My last 3 jobs have been massive code bases developed over 40 years and none of this would apply. Hell, keeping this in the headline's context and I'm not sure this would be a good way to really dig into the linux kernel.

Another redditor

Base on your experience, could you share some hints? Thanks

Experienced programmer

Only trick I ever found was just to start fixing bugs. Hopefully the bug points you to the right are to start, or gives you a string to search on, or a mentor can give you a pointer (the article touches on that angle).

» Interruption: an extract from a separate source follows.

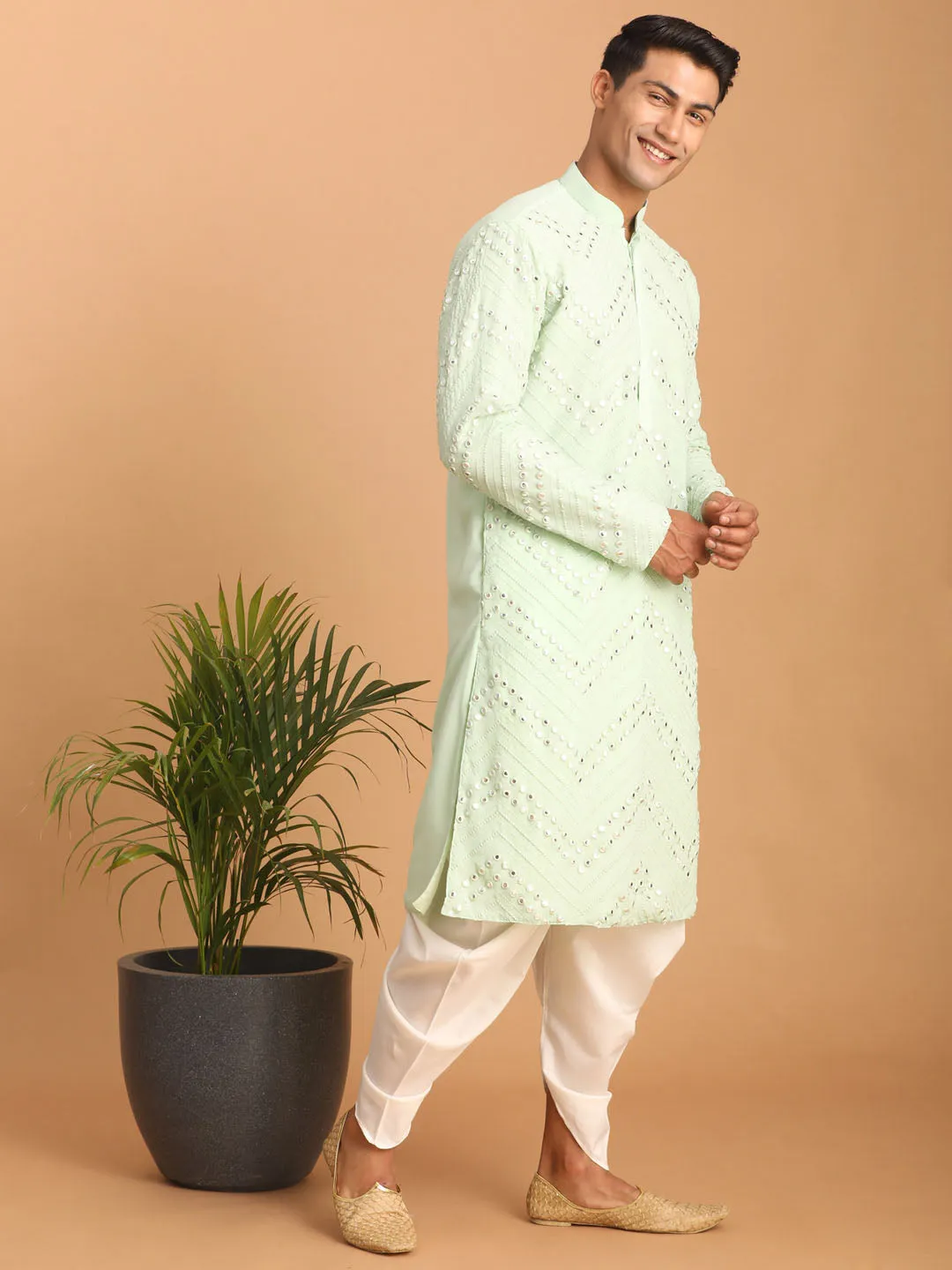 Jashvi Men's Mint Green Mirror Kurta Dhoti Set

The documentation is generally out of date if you can find it. The test cases may not be in your department at all (Corporate point of view). In fact, from a corporate development point of view, test/QA and support are your best friends and a new developer should make nice with them. They are going to be the best resource to learn how the code works and how it's used in the real world; Development tends to be in a bubble and doesn't know that nearly as well. Dev will know the code, but QA will be able to explain what the code actually does. The jobs that I've known the product the best are generally the jobs that I spent the most time having lunch with QA people on the regular. (This is not the same as "read the test cases". I'm not going to dig up the nightly regression and build sanity tests to figure anything meaningful out. The QA guys will be able to explain how to set the product up and actually use it so that you can poke at things. My current job has a handful of VM's with various configurations of the product installed so I can try things and see what happens mostly because I don't have a good relationship with QA right now.)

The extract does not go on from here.